Records shown below:
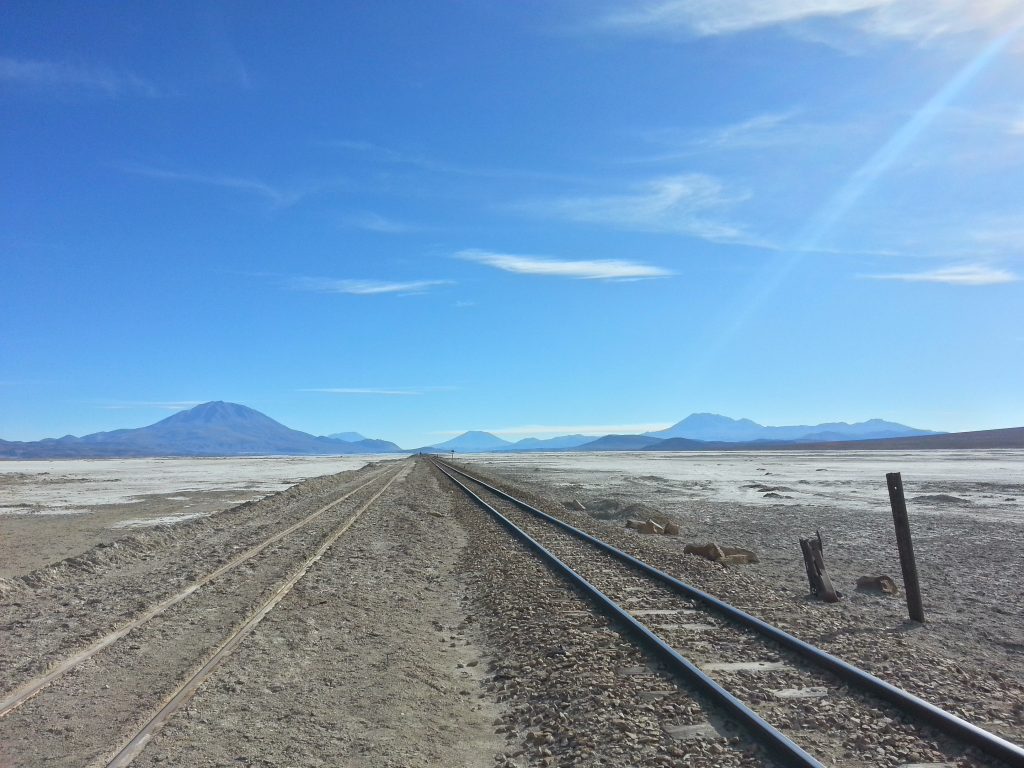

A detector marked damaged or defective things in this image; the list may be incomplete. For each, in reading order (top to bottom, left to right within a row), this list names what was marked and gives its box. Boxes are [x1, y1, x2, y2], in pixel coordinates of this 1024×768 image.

broken fence post [884, 472, 924, 620]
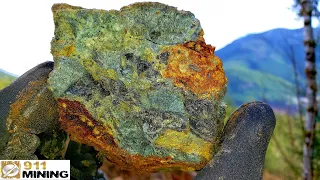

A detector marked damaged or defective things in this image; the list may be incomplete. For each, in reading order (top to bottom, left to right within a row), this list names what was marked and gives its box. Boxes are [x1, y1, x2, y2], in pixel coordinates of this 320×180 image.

orange rust staining [162, 40, 228, 98]
orange rust staining [57, 98, 206, 173]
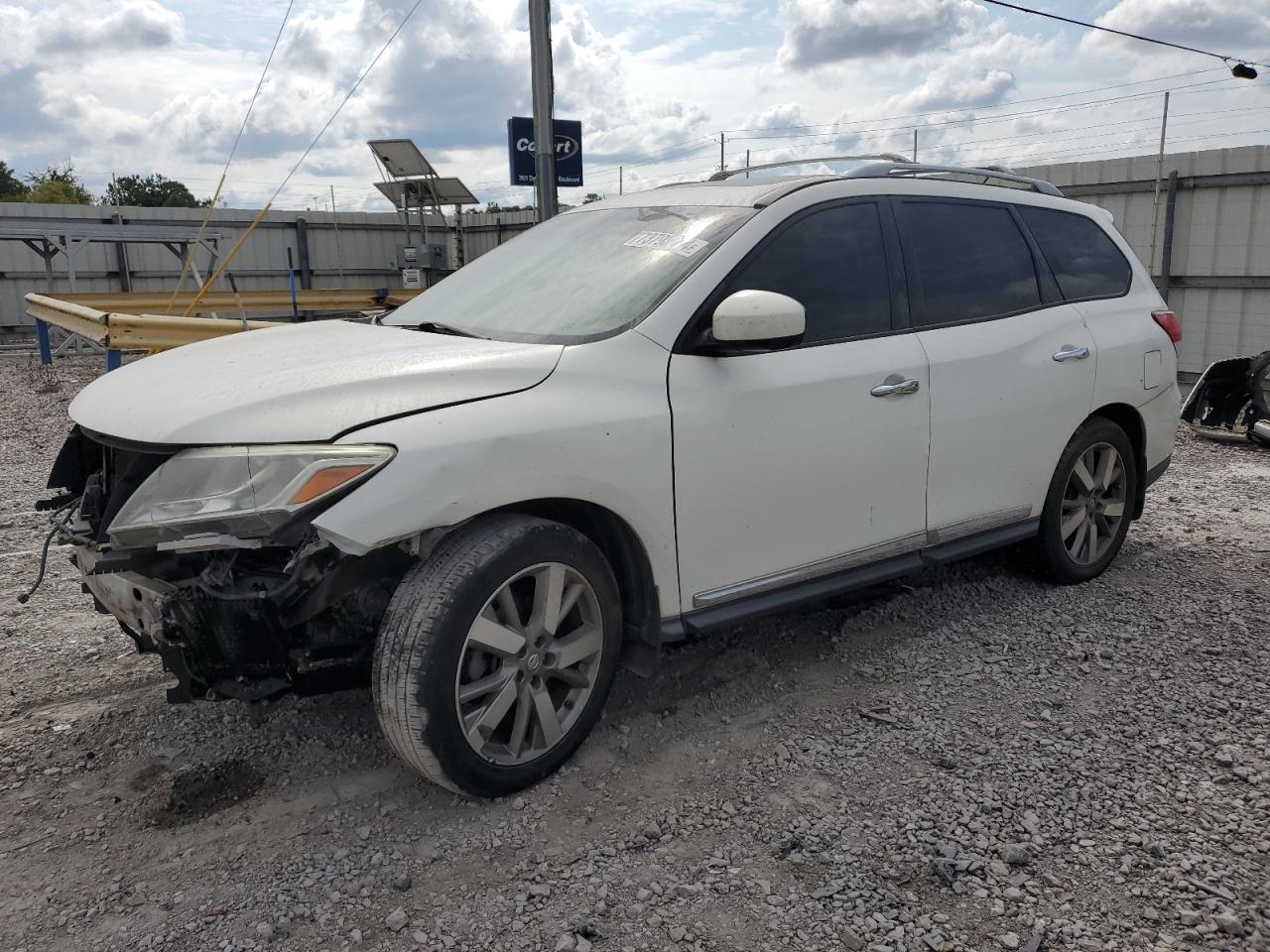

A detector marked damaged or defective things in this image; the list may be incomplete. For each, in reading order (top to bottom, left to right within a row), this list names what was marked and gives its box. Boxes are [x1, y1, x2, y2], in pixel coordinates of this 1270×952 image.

damaged front end [1178, 352, 1270, 449]
broken headlight [107, 446, 393, 547]
damaged front end [37, 428, 409, 705]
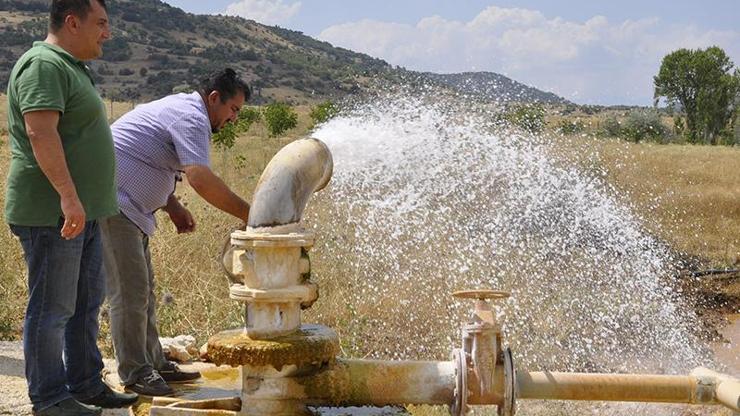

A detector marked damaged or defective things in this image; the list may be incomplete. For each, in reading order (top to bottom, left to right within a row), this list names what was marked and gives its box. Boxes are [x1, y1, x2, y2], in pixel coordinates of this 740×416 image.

bent pipe [249, 137, 332, 229]
rusty pipe [249, 138, 332, 229]
rusty metal surface [205, 324, 338, 368]
rusty pipe [300, 358, 456, 406]
rusty pipe [516, 372, 716, 404]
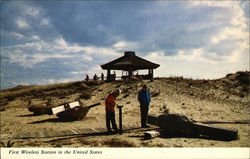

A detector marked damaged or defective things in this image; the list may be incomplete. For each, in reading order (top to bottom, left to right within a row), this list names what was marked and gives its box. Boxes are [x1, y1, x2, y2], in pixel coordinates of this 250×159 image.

broken wooden structure [100, 51, 160, 81]
broken wooden structure [148, 113, 238, 140]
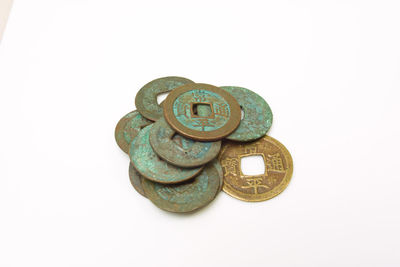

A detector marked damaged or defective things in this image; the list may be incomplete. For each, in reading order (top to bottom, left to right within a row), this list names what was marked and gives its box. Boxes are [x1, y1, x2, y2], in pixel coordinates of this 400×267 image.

corroded metal surface [116, 110, 154, 154]
corroded metal surface [128, 162, 147, 198]
corroded metal surface [135, 76, 195, 121]
corroded metal surface [130, 125, 203, 184]
corroded metal surface [142, 161, 220, 214]
corroded metal surface [149, 118, 220, 168]
corroded metal surface [162, 84, 241, 142]
corroded metal surface [220, 87, 274, 142]
corroded metal surface [220, 137, 292, 202]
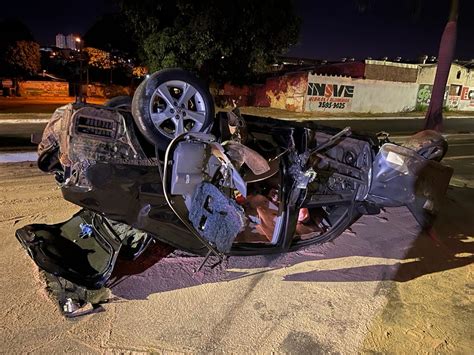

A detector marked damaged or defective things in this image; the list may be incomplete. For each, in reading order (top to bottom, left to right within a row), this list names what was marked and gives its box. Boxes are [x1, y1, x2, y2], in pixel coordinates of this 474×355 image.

exposed wheel [131, 69, 214, 149]
overturned car [15, 68, 452, 316]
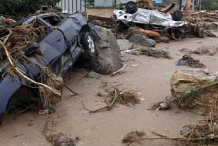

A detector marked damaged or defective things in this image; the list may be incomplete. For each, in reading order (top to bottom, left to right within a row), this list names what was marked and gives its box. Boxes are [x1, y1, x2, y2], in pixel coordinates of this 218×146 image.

overturned car [0, 11, 99, 123]
damaged dark car [0, 11, 99, 123]
overturned car [113, 1, 188, 40]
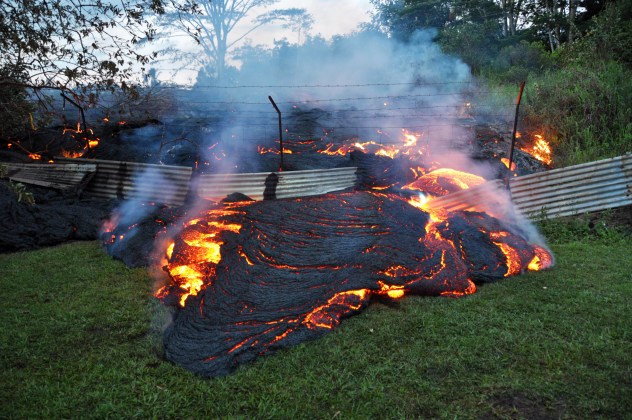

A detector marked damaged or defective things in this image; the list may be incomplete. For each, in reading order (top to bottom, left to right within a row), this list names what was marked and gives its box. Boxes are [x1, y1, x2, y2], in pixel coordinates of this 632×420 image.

rusty corrugated metal panel [2, 162, 96, 190]
rusty corrugated metal panel [56, 158, 193, 205]
rusty corrugated metal panel [199, 167, 356, 201]
rusty corrugated metal panel [424, 153, 632, 220]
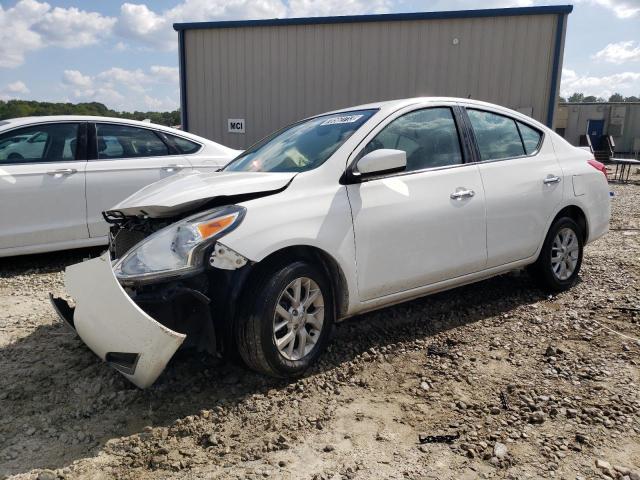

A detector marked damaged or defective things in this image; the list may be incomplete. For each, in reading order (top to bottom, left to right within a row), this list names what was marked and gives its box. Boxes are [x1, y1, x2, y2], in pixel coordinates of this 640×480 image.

crushed front bumper [50, 253, 185, 388]
detached front bumper [50, 253, 186, 388]
damaged front end [48, 204, 252, 388]
exposed headlight [114, 204, 246, 284]
damaged white car [50, 97, 608, 386]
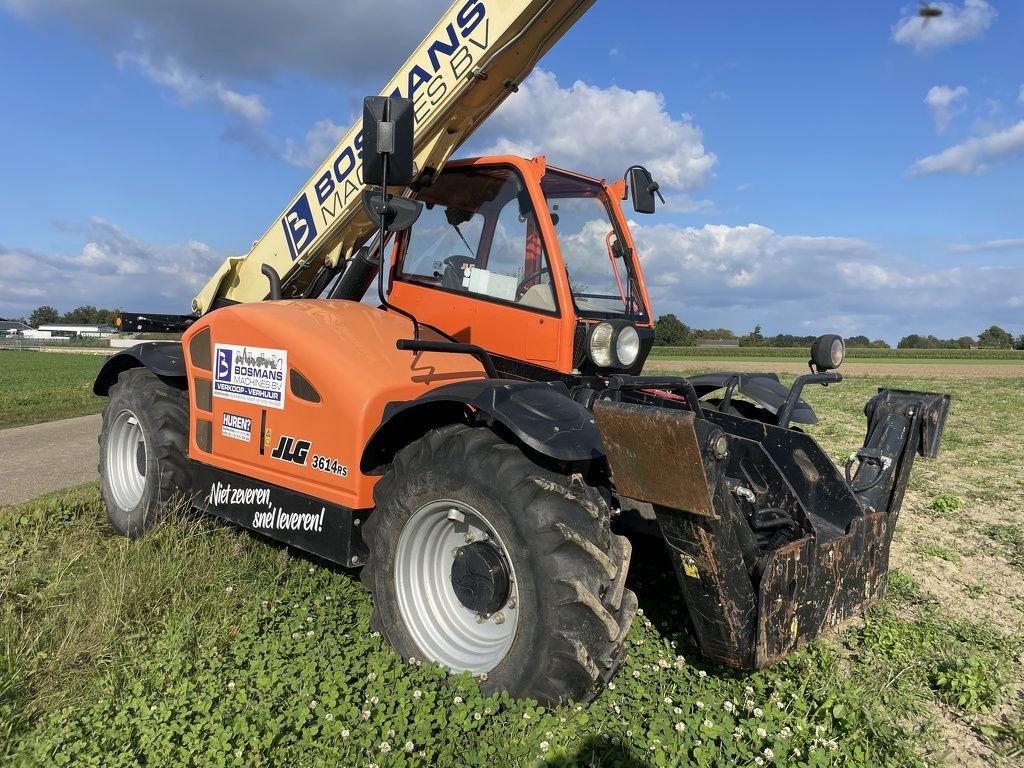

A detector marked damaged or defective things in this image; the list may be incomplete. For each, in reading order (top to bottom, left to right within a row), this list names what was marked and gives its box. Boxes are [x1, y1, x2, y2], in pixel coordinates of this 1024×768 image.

rusty metal plate [593, 403, 712, 518]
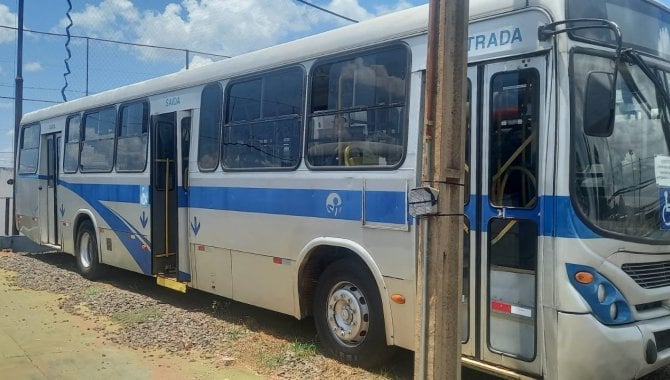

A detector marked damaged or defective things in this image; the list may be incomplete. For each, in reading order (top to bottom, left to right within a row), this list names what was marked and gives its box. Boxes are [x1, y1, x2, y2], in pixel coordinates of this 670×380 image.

rusty metal pole [418, 0, 470, 378]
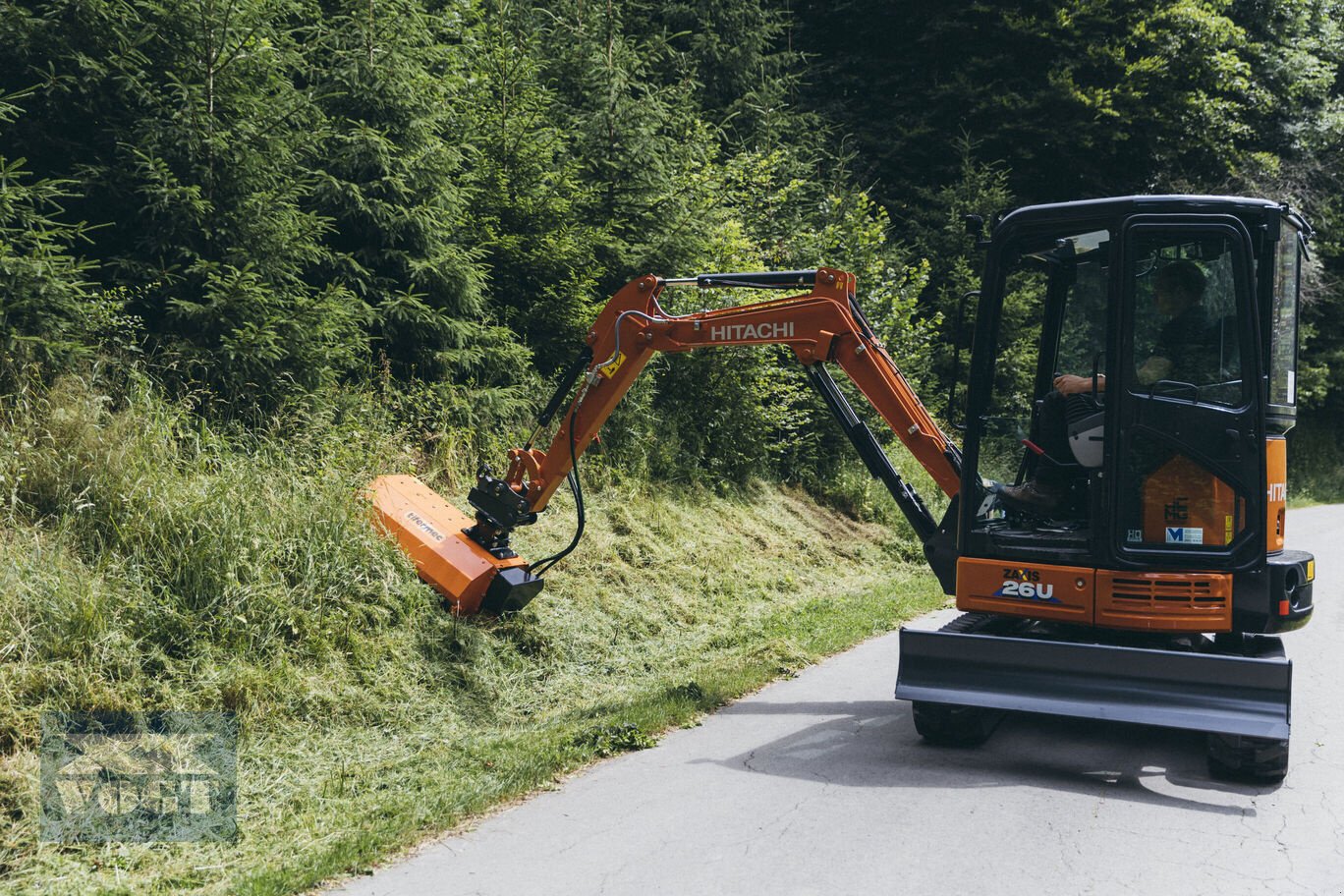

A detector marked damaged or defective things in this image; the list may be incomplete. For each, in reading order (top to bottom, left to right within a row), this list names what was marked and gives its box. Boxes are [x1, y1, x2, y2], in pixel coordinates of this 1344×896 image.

cracked asphalt surface [333, 505, 1344, 896]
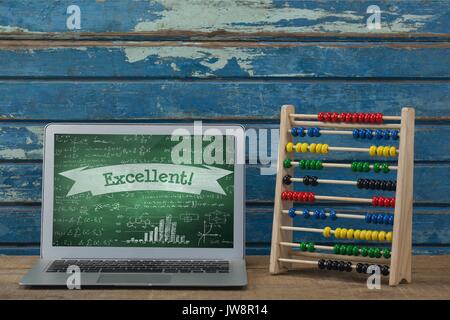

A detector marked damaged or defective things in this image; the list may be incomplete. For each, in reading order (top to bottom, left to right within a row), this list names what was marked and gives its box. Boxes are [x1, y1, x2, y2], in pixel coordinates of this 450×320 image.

peeling paint [123, 44, 266, 75]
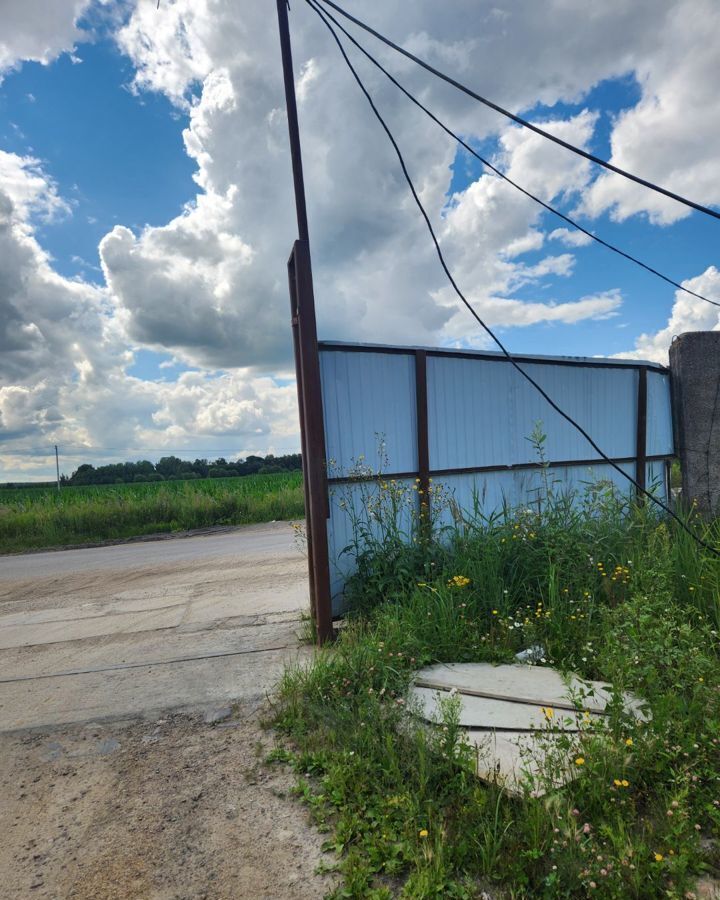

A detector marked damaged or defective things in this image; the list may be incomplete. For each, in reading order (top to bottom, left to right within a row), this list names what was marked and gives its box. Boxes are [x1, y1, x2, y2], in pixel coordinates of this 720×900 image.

rusty metal pole [276, 1, 334, 648]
End of Records shown.
Your copy should match the entries exactly, minus the pictures.

__Answer to this exercise__.
A detector marked damaged or defective things in this image; the list may be incomplete. For each, in reading order (top to bottom, left to right within a row), this list names what was marked and gives its box. Boxes are [x1, y1, x2, y2], in pixel coordinates of this 1024×768 image.

broken fence post [884, 472, 924, 620]

A detector marked damaged or defective things in this image; the list may be incomplete. For each, in reading order (top to bottom, left to right within a row), this list names what was marked and gives its box. Boxes are [x1, y1, x2, y2], in pixel coordinates of this 320×180 image.

orange rust staining [162, 40, 228, 98]
orange rust staining [57, 98, 206, 173]

A detector marked damaged or defective things in this image; the list may be incomplete. For each, in reading order (top to bottom, left to right within a row), this list names what was marked and gives its box. Boxes are [x1, y1, x2, y2], in pixel coordinates of this 1270×952 image.

damaged front end [1178, 352, 1270, 449]
broken headlight [107, 446, 393, 547]
damaged front end [37, 428, 409, 705]

A detector marked damaged or defective things in this image; the list may be incomplete. For each, in reading order (top to bottom, left to right within a row), this list names what was marked and gives its box. Boxes are [x1, y1, x2, y2], in pixel coordinates of this 740×416 image.

bent pipe [249, 137, 332, 229]
rusty pipe [249, 138, 332, 229]
rusty metal surface [205, 324, 338, 368]
rusty pipe [300, 358, 456, 406]
rusty pipe [516, 372, 716, 404]

A detector marked damaged or defective things in this image; the list may be incomplete. For each, in reading order (top to bottom, left to right within a row), this list names what was marked and gives its box. Boxes are [x1, y1, x2, y2], in pixel coordinates of this 250×159 image.

broken wooden structure [100, 51, 160, 81]
broken wooden structure [148, 113, 238, 140]

A detector marked damaged or defective things in this image; the list may be incomplete. For each, in reading order (top to bottom, left to right within a row), this list names what was marked and gives its box. Boxes are [x1, y1, x2, y2], in pixel coordinates of this 400×267 image.

corroded metal surface [116, 110, 154, 154]
corroded metal surface [128, 162, 147, 198]
corroded metal surface [135, 76, 195, 121]
corroded metal surface [130, 125, 203, 184]
corroded metal surface [142, 161, 220, 214]
corroded metal surface [149, 118, 220, 168]
corroded metal surface [162, 84, 241, 142]
corroded metal surface [220, 87, 274, 142]
corroded metal surface [220, 137, 292, 202]

A detector marked damaged or defective things in this image; the list may be incomplete. For each, in reading order (top to bottom, left to right within a row), this list names what was marked and gives its box. Boxes are [x1, y1, x2, y2], in pixel coordinates of this 474×355 image.

exposed wheel [131, 69, 214, 149]
overturned car [15, 68, 452, 316]

A detector marked damaged or defective things in this image; the list may be incomplete. For each, in reading order (top to bottom, left to right within a row), this list names what was marked and gives its box. Boxes are [x1, y1, x2, y2], in pixel coordinates of this 218×146 image.

overturned car [0, 11, 99, 123]
damaged dark car [0, 11, 99, 123]
overturned car [113, 1, 188, 40]

A detector marked damaged or defective things in this image; the list may be incomplete. For each, in reading order (top to bottom, left to right within a row), this list names what was marked and gives its box. Boxes are [x1, y1, x2, y2], in pixel coordinates of this 632×420 image.

rusty corrugated metal panel [2, 162, 96, 190]
rusty corrugated metal panel [56, 158, 193, 205]
rusty corrugated metal panel [199, 167, 356, 201]
rusty corrugated metal panel [424, 153, 632, 220]

A detector marked damaged or defective things in this image; the list may be incomplete. For each, in reading order (top to bottom, left to right within a row), this list names what was marked and gives its box. Boxes are [x1, y1, x2, y2], in pixel coordinates of this 640×480 image.

crushed front bumper [50, 253, 185, 388]
detached front bumper [50, 253, 186, 388]
damaged front end [48, 204, 252, 388]
exposed headlight [114, 204, 246, 284]
damaged white car [50, 97, 608, 386]

A detector marked damaged or defective things in this image; the list may be incomplete. For each, in reading order (top to bottom, left to right within a row), this list names what was marked and gives its box. Boxes are [x1, y1, x2, y2], in pixel coordinates of this 1024×768 image.

rusty metal plate [593, 403, 712, 518]

A detector marked damaged or defective things in this image; the list may be incomplete. For each, in reading order (top to bottom, left to right within a row), this list names what was marked and gives its box. Boxes are [x1, y1, x2, y2], in pixel coordinates of this 670×380 image.

rusty metal pole [418, 0, 470, 378]

A detector marked damaged or defective things in this image; the list may be incomplete. For each, in reading order (top to bottom, left to right within a row), this list names what was marked and gives its box. Boxes are [x1, y1, x2, y2], in pixel coordinates of this 1344×896 image.

cracked asphalt surface [333, 505, 1344, 896]

A detector marked damaged or defective things in this image; the list may be incomplete. For each, in reading order (top to bottom, left to right within a row), this list names what was marked and gives its box. Boxes are [x1, y1, x2, y2], in pixel coordinates of this 450×320 image.

peeling paint [123, 44, 266, 75]

A detector marked damaged or defective things in this image; the list may be incomplete. For each, in reading order (top to bottom, left to right within a row), this list names what was marked and gives its box. Boxes are [x1, y1, x2, y2], in pixel coordinates of this 720×900 image.

rusty metal pole [276, 1, 334, 648]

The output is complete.